As many know, him and Former President Donald Trump were good friends.
So prayers to Abe and his family!
The 1932 murder of the Prime Minister created a Vaccuum that opened it up for the Shinto Militarists and WW2. Even though Kishida is gaining in ability everyone still looked up to Abe
We are in a fog-of-war moment, so I do not want to overstate anything, but, given Abe’s position toward China, Taiwan, and his staunch alliance with the “West”, this is a dangerous development. If the people of Japan coalesce around the idea that China is behind this killing – by no means a certainty – this is going to majorly ratchet up world tensions
What I find most extraordinarily weird regarding this as being recent news is how fast this major event has disappeared from the headline news. A major prime minster was just assassinated and the entire news has moved on from it less than 24 hours. I remember when Anwar Sadat was assassinated and how that was in the news for several days following but not this! Why?
I recently just viewed a pic with Kashida posing with the other douchebags from WEF.
Call these the Douchbags of the apocalypse, Kashida is third from the right.
What is very interesting to note two of these leaders (Draghi and Johnson recently resigned. There is more though, The Belgium Prime just resigned to today. The question is why?
This article is an interesting read. Seems that the anti-hero changes roles when sympathy is applied to the assassin and his revealed motives on why he killed a head of state. Very very weird story! “The Atlantic” is a liberal pink commie rag, however this article with the exception of a few jabs at conservative views is a well written piece that offers many insights of Japan’s political culture and associations such as “The Moonies” and the Unification Church" that go back as early as the 50’s.

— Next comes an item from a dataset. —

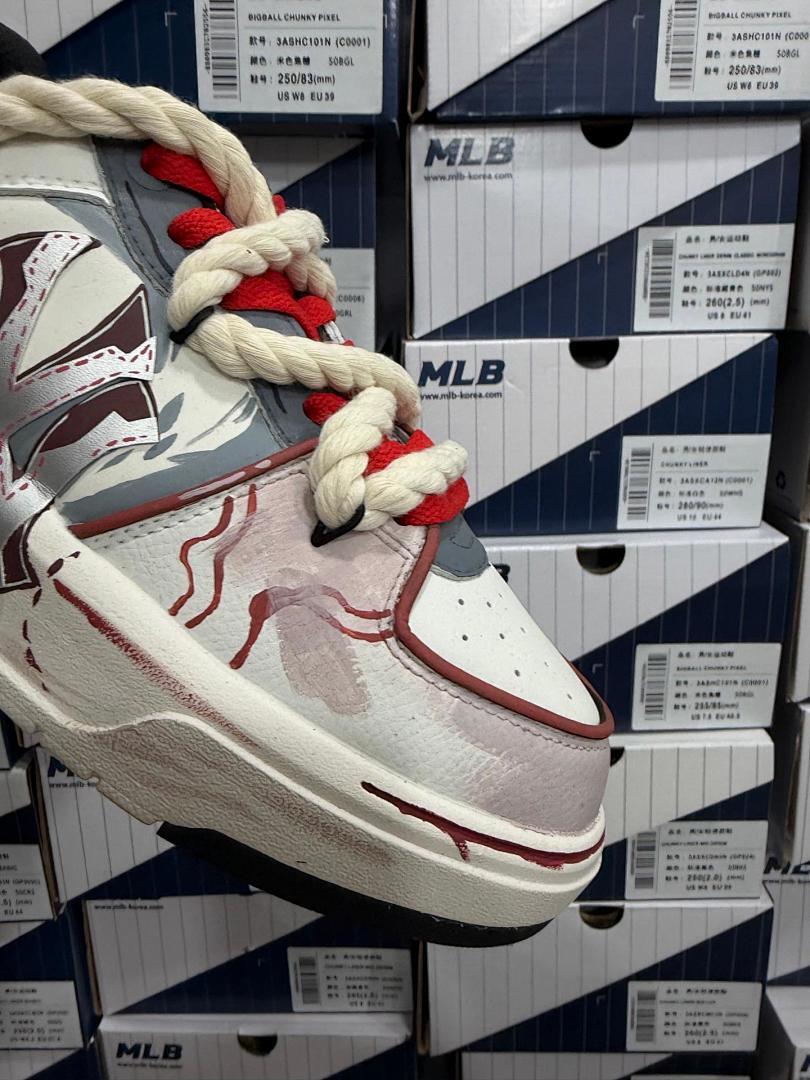 MLB BIGBALL CHUNKY PIXEL Unisex Off-White Beige Maroon Chunky Sneakers 3ASHC101N (C0001) - Image 2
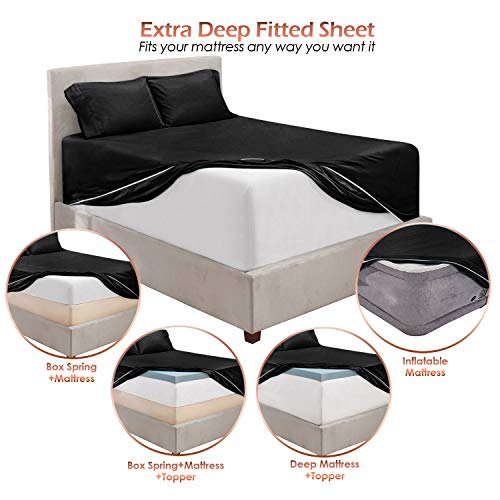 Image of Hearth & Harbor Extra Deep Pocket Twin Sheet Set, Black | 4 Piece Bed Sheet Set, Ultra Soft & Breathable, Fits Up to 24 inch Mattress, Hotel Luxury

Japanese politicians may never again approach a campaign crowd with the same ease Abe displayed when he arrived that July morning at Nara. His death may come to mark a moment of lost innocence, the way the assassination of John F. Kennedy does in the United States
Although Abe’s reputation has been stained, it may recover somewhat. His harshest critics tend to be older Japanese who have strong memories of the war and its aftermath, and who fear the revival of their country’s military power. As that generation dies off, Abe may come to seem prescient, because of the way he prepared his country for the threats of a new century in which Japan must defend itself from an assertive China.
Counterintuitively, the reputation of Yamagami, his alleged assassin, may not suffer. There is an old tradition in Japan of reverence for the doomed hero, the man who undertakes a suicidal quest and becomes a figure of deep nobility, regardless of the justice of his cause. Many Japanese still revere the right-wing nationalists who stormed Tokyo’s government buildings in 1936 and killed not one but two former prime ministers. The plot’s ringleaders were later tried and executed, but a shrine to their memory stands in a prominent place in central Tokyo. The great Japanese author Yukio Mishima memorialized them in a story and a film. Their sincerity and patriotism are what matter to their admirers, not the cruelty of their act or its ramifications.
Something similar could be said of Yamagami. “I no longer have room to think about the political meaning and consequences of Abe’s death,” he wrote a day before the assassination. The purity of his motives—his righteous anger at the Unification Church—seems to have resonated with the Japanese public.
In the months before he fired the fatal shots, Yamagami described himself as a tragic figure, drawn inexorably to a confrontation that would destroy him. And he did not miss the ironic parallel between his own heedless fury and the zealotry of the church members who had ruined his life. His desperation for a murder weapon, he wrote, was “like a member of the Unification Church throwing his life away for a false savior.”